Let me see
Mark Brooks had a Kindle idea which got me thinking:
- Let me see the percentage of people who have bought a book and actually finished reading it. (The Kindle knows, right?) Even better, let me see Kindle books that are finished by people who finish books that I finish!
- Let me see a map of my town with the location of pedestrian accidents highlighted by color.
- Give me a listing of all the houses in my city sorted by (value of house/taxes paid). That would go a long way to bringing equity to the assessment system.
- Sort restaurants on Open Table by the percentage of reservations booked by returning diners.
- Sort Facebook invitations in order of how many times someone has been unfriended.
- Sort credit card offers based on data from Mint or Wesabe… show me the credit cards with the fewest bankruptcies/financial troubles among recipients first.
- Sort corporate email by how many people in my company have indicated that a sender is important.
- Let me see stocks ranked in order of recent purchases by successful investors.
- Let me review bids from builders ranked in order of complaints filed or the length of time between first application for a building permit and finished building.
- Let me see potential online dates sorted by how frequently (or infrequently) the person goes on first dates.
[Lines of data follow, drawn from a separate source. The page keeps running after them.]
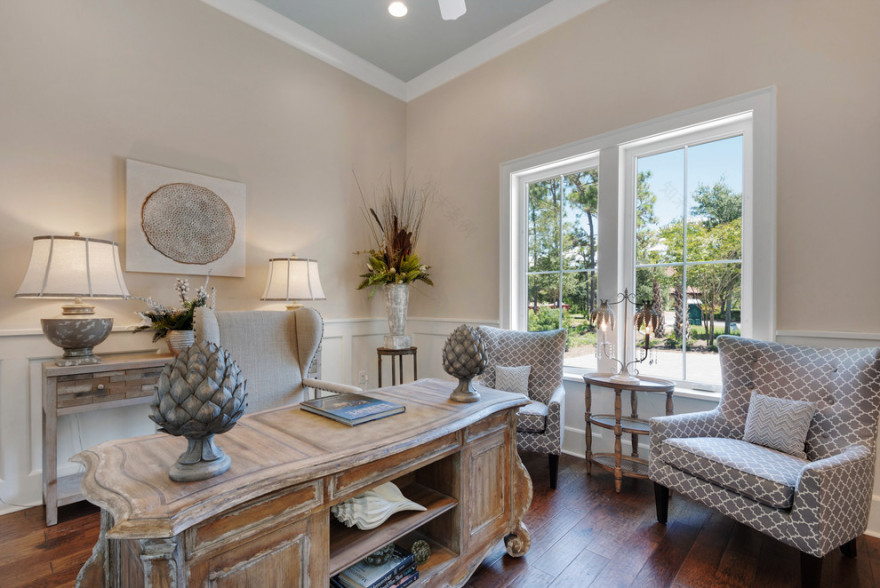 Regatta Bay高尔夫球场,湖景住宅丨美国阿拉巴马丨Bob Chatham Custom Home Design-23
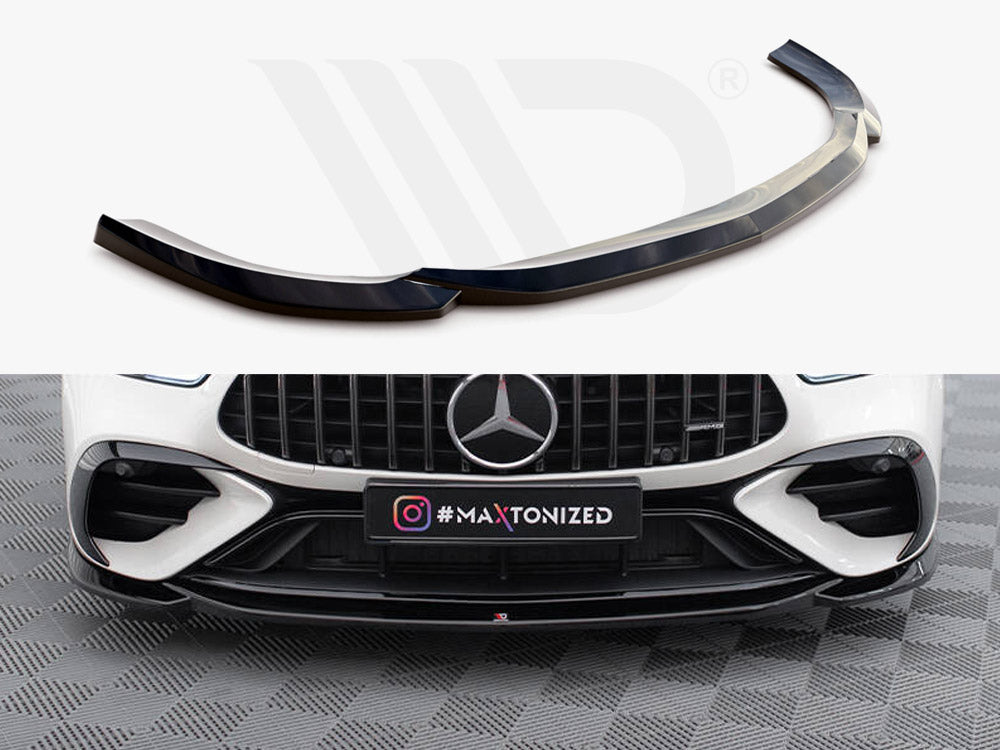 Front Splitter V.1 Mercedes-AMG GT 43 4 Door Coupe V8 Styling Package - Wayside Performance 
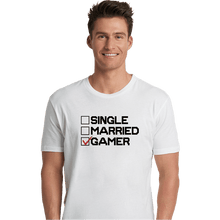 Load image into Gallery viewer, Shirts Premium Shirts, Unisex / Small / White The Gamer
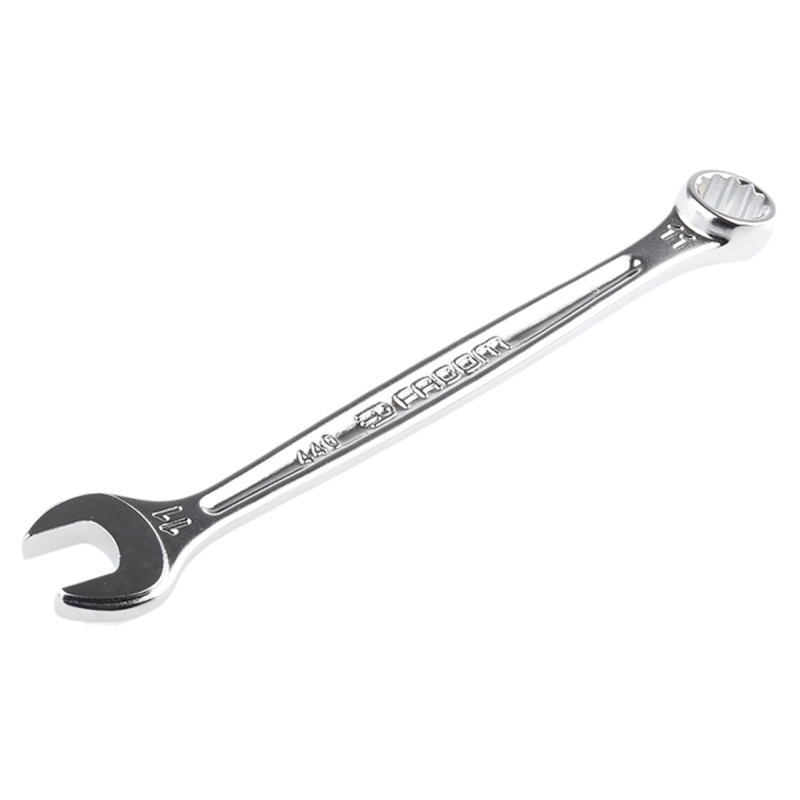 1 pcs - Facom Combination Spanner, 11mm, Metric, Double Ended, 155 mm Overall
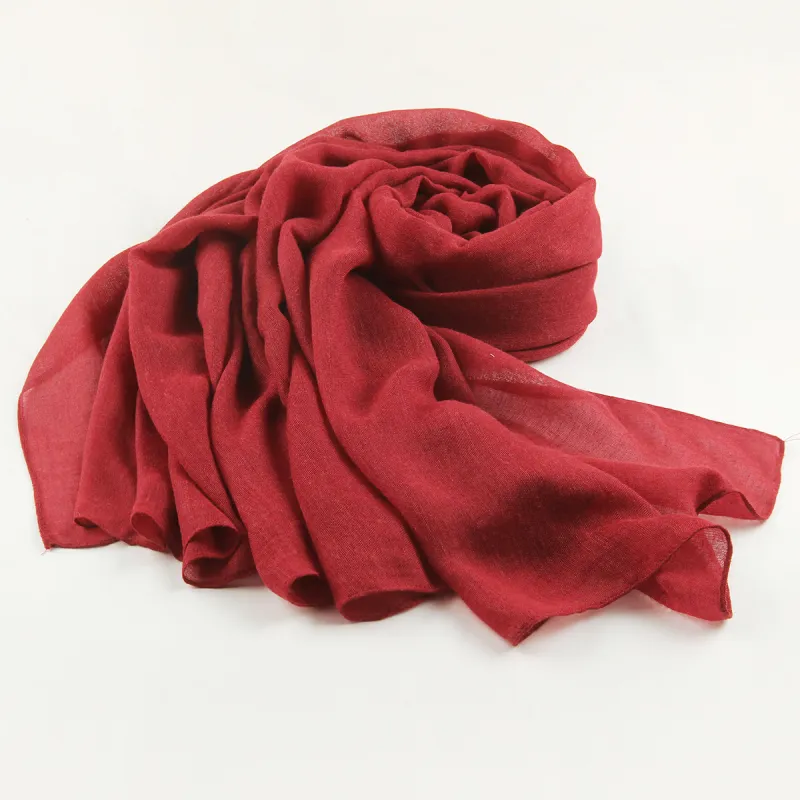 Shanghai Story Polyester Knit Scarves Women's-14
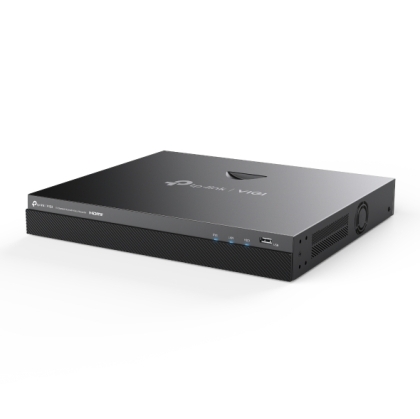 16-канален Smart IP видеорекордер (NVR) VIGI NVR2016H – 4K, 2×SATA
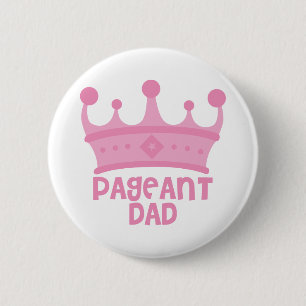 Pageant Vater Button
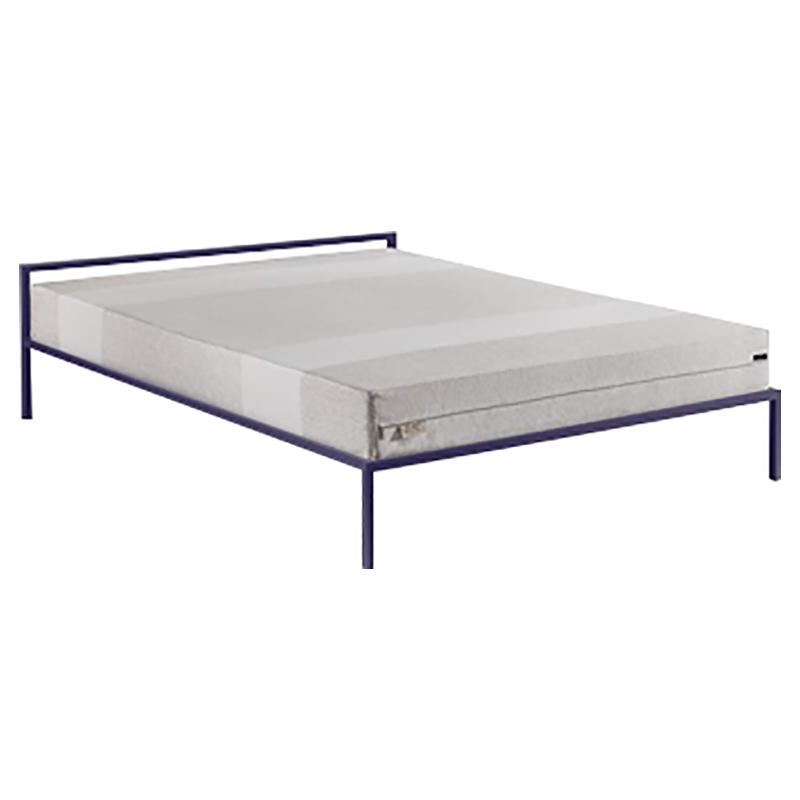 WellMatt Latex 50 Natural Latex Twin Mattress 140 x 200 cm Grey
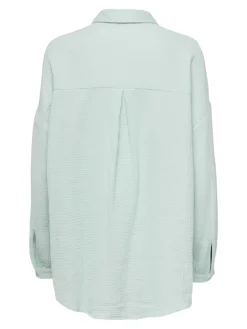 Oversized Bluse harbor gray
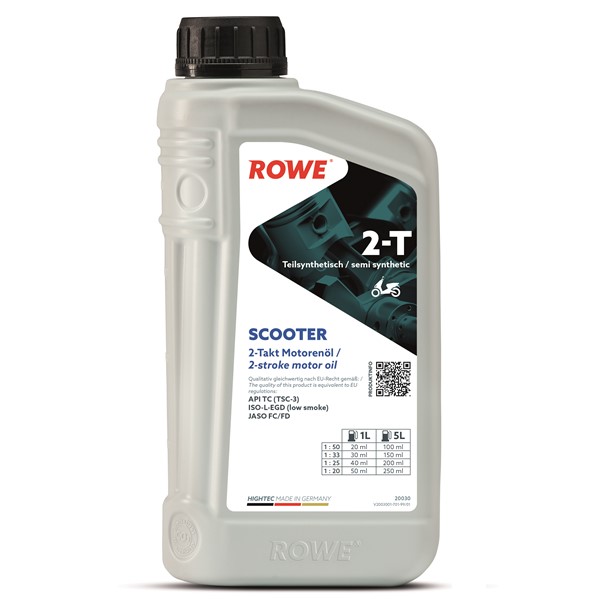 Rowe Hightec 2-t Scooter 1l, Universal Rowe 20030-0010-99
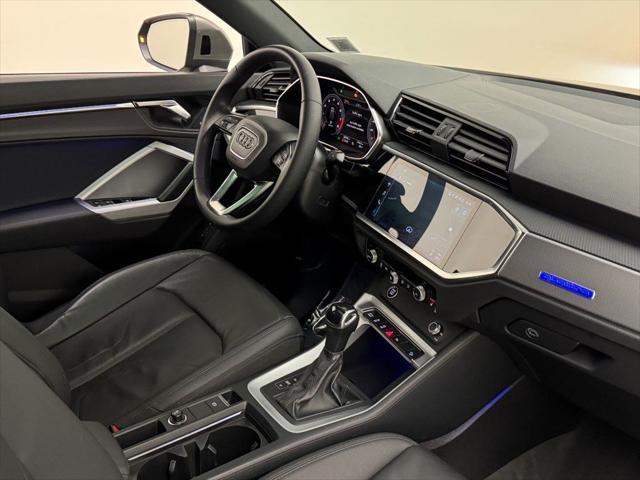 used 2022 Audi Q3 car, priced at $32,900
- Sort car models by crash and repair data.
- Let me see my salesforce ranked by closing rate or cold call rate or customer satisfaction.
- Let me see my inbound call data by hour, sorted by number of rings before answer, or by percentage of calls unanswered.
- Let me sort my customer service requests by customer value. (Including loyalty, purchases and referrals).
- Let me choose a doctor by malpractice suit rate.
- When I watch TV online, recognize the pundit and flash historical accuracy rates on the screen while she talks.
- Blank out comments on posts that agree with my point of view.
- Highlight the floor of the trade show and let me see which paths are walked the most. Or give me glasses that let me follow in the footsteps of people I admire. Or let me walk on paths no one else is walking on.
I guess I’m talking about passive contributions of public behavior information to traditionally-sorted data.